Before yesterday's vote, Bashar Ja'afri, the Syrian ambassador, said it was a "strange irony that the sponsoring states of the resolution, under combating armed conflict, have played a major role by providing weapons to terrorist groups in Syria".

Russia's foreign ministry said yesterday that "a worthy candidate to succeed Kofi Annan should be urgently found".

"In the developing situation, keeping a UN presence in the country acquires special significance," it said.

"At this stage, what is most important is not to allow the slackening of international efforts to solve the crisis in Syria."

Mr Annan took up his assignment on March 1 with little illusion about how difficult his task would be. At a stop in Ankara on March 12, he told reporters: "We all have to understand that this is a very complex situation. It's not going to be easy."

He did manage to arrange a ceasefire on April 12 that unravelled within days. In an opinion piece in the Financial Times on Thursday, he wrote that "contrary to some claims, the government's shelling of civilian communities stopped, demonstrating the impact this unity could have".

But he blamed the ceasefire's collapse on a lack of "sustained international support" leading the government to realise "there would be no consequences if it returned to an overt military campaign".

As the conflict expanded, Mr Annan grew increasingly pessimistic as the mix of the bitter West-Russia divide on the Security Council, broken promises by the Syrian government and the infusion of better and more arms to rebels from the region made a diplomatic solution increasingly elusive.

In the end Mr Annan acknowledged that his peace plan — on which the world had pinned faint hope for a diplomatic settlement — had failed.

"Military means alone will not end the crisis," he wrote in the opinion piece. "The distribution of force and the divisions in Syrian society are such that only a serious negotiated political transition can hope to end the repressive rule of the past and avoid a future descent into a vengeful sectarian war."

Mr Annan said "a political process is difficult, if not impossible, while all sides - within and without Syria - see opportunity to advance their narrow agendas by military means."

Russia has accused the West of having "fanned the flames of extremists and terrorist groups" in pursuit of "their own geopolitical designs", while western envoys blamed Moscow for supporting a serial human rights abuser in Damascus and of falsely accusing the West of planning military intervention.

"Annan correctly read that neither side has an interest in any brokered way to end the fighting, that the Council was frozen, and the big powers at loggerheads," said George Lopez, a political scientist at Notre Dame University in the US. "He also sees that the conflict will get more bloody, more chaotic and deteriorate into a hurting stalemate where neither side can win, but can inflict damage on the other, and spread mayhem generally."

Confirming those fears, William Hague, the British Foreign Secretary, acknowledged that diplomacy had failed and told the BBC Britain would be stepping up non-lethal aid to the rebels.

Ray Takeyh, an analyst at the Council on Foreign Relations in New York, said only a prolonged military stalemate leading to exhaustion on both sides might revive diplomacy.
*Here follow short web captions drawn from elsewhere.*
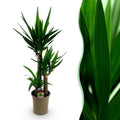 Kamerplant - Yucca elephantipes - Yucca - Weinig onderhoud - Groen - 1 - Pot 21cm - Hoogte 100cm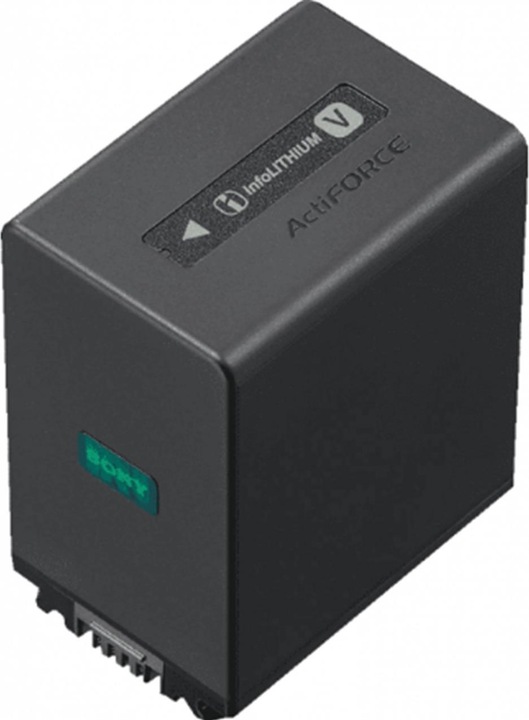 Sony Np-Fv100a (Rechargeable battery)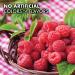 Bluebonnet Nutrition Liquid Methylcobalamin Vitamin B12 - Raspberry Flavor 1000 mcg, 2 fl oz - Buy Online on GoSupps.com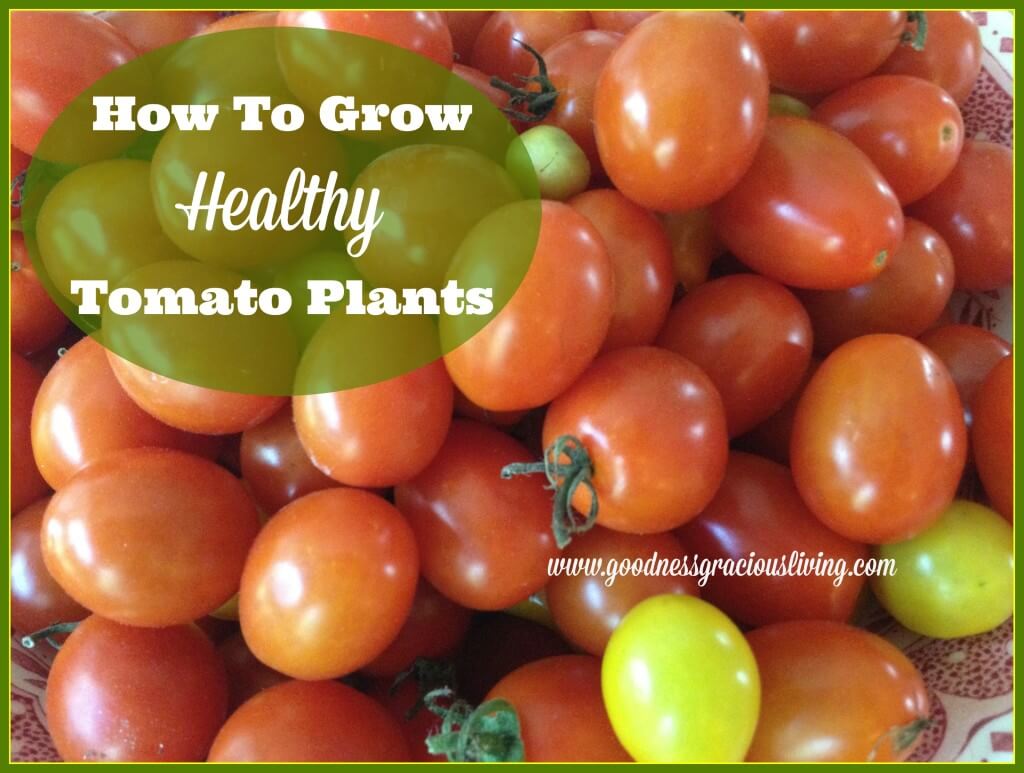 how to grow healthy tomato plants Beth Rosen, RD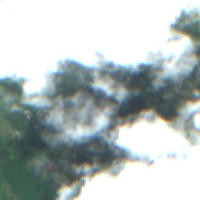 Picnic Lake - Jul 24, 2026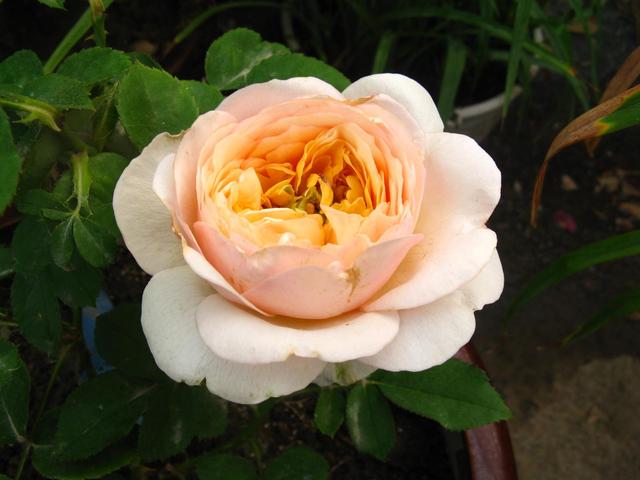 世界上最名贵的花图片大全,世界上最贵的10种花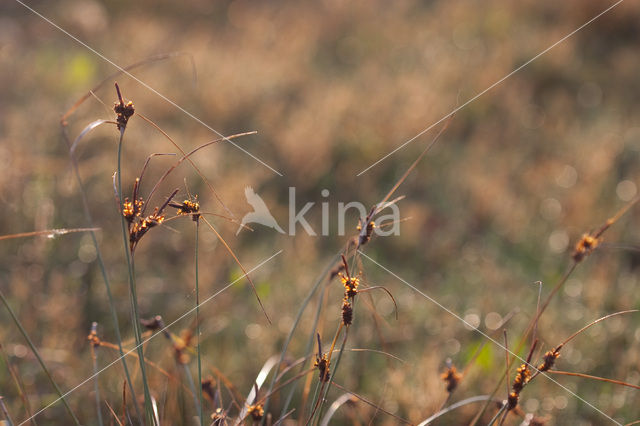 Kwelderzegge (Carex extensa)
"This is a civil war and somebody will lose and somebody will win," he said. "Perhaps if it goes on longer there will be appetite for a regional or international settlement but not for the moment."

As a mediator intending to bring both sides to the table, Mr Annan took a middle course that brought him condemnation from the opposition and lip service from the government as it fought to contain the uprising. He was burnt in effigy by the rebels and blamed on a regular basis for allowing massacres to take place.

Despite Mr Annan's frustrations, the UN and Arab League are already in the process of finding a replacement. Asked who might want to take on such a job, Mr Annan told reporters: "Let me say that the world is full of crazy people like me, so don't be surprised if someone else decides to take it on, and I am sure secretary general Ban Ki-moon will find somebody who could perhaps even do a better job than I have done."